Today ERP systems are based on multiple systems that allow flexible integration of a wide variety of business processes. Not so much the big bang conversion, but gradual integration based on SOA and web services. This means that the suppliers also have changed their software license policies. No more rigid prices for a all-in software, but ‘Software as a Service’ (SaaS). Customers are now paying monthly fees which allows a stricter budgetary control.  Not only the software is rented, also the hardware platforms become more and more hosted form external data centers, offering ‘Infrastructure as a Service’ (IaaS) and ‘Platform as a Service’ (Paas). The centralisation of computer infrastructures in data centers allows a better and cheaper 365/24/7 service of the operations, still a burden for most organisations when done on they own premises.  ERP on the rise?

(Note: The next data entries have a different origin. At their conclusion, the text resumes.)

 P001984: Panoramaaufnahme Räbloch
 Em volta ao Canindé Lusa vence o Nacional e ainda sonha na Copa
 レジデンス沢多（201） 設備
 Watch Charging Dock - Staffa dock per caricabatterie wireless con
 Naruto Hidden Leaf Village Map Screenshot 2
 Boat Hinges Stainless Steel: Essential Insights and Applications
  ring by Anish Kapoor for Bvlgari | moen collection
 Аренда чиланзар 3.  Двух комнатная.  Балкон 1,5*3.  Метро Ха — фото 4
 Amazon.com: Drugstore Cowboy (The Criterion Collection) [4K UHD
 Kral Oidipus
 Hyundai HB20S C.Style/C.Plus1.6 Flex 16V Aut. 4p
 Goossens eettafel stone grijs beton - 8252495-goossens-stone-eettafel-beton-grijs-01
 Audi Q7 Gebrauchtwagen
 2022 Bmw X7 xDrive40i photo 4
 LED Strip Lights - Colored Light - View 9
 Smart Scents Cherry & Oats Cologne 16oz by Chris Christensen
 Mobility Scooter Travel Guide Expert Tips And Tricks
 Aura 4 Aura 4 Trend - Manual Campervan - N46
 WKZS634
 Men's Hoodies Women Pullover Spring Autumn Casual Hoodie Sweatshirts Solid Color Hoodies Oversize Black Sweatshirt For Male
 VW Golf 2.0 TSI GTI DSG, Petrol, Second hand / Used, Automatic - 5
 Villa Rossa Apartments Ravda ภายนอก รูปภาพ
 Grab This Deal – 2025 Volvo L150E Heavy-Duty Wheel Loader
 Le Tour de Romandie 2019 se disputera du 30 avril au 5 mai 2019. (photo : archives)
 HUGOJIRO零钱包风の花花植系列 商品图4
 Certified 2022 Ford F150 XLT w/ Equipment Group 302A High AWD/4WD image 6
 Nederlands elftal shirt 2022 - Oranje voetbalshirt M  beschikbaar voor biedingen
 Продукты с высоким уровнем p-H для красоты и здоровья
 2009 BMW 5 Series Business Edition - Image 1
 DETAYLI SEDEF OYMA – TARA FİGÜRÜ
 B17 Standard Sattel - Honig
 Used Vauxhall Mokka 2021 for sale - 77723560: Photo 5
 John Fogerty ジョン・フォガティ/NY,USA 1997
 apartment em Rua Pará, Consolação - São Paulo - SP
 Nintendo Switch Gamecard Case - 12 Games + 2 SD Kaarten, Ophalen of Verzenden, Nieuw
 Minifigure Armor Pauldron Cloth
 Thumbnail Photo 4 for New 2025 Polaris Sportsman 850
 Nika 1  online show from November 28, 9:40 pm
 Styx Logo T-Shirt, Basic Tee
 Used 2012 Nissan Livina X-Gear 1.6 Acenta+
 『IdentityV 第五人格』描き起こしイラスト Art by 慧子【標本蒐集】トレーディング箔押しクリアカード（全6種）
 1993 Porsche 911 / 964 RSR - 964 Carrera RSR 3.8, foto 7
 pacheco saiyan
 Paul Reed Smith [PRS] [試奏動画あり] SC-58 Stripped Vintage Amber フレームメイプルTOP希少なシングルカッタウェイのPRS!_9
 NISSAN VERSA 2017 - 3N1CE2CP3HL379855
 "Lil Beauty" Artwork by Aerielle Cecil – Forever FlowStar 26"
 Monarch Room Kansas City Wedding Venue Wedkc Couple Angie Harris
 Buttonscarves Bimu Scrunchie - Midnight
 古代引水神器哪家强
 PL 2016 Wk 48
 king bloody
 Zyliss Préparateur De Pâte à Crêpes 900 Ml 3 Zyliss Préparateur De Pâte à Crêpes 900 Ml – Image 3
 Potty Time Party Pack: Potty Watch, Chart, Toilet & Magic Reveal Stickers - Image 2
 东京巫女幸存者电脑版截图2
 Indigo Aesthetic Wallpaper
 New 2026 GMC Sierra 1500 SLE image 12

However there are still some problems to be deal with. First, implementations of ERP systems for the most part suffer from cost excesses. For SMEs this starts with an appropriate selection of an industry-specific preconfigured solution. However this requires managerial and technical capabilities who are not always present in the organisation, so the burden of the adverse selection loom largely in SMEs. ERP implementers often lack good skills, even those who have glossy brochures and smashing web sites. This is the second major problem with ERP systems: a real shortage of consultants on the market that can combine good IT skills with a combined understanding of an industry and a particular business in that industry. Spiders from Mars? The universities and colleges offering IS and IT programs should start to rework their current (too) technical oriented curricula to bring in new skill domains such as business process management, project management, (legal) contract management,  enterprise architectures, business modelling and also the so-called ‘soft’ skills like interviewing, presenting, and writing skills. A well-skilled and talented ERP consultant can make the difference of an ERP systems implementation success or failure!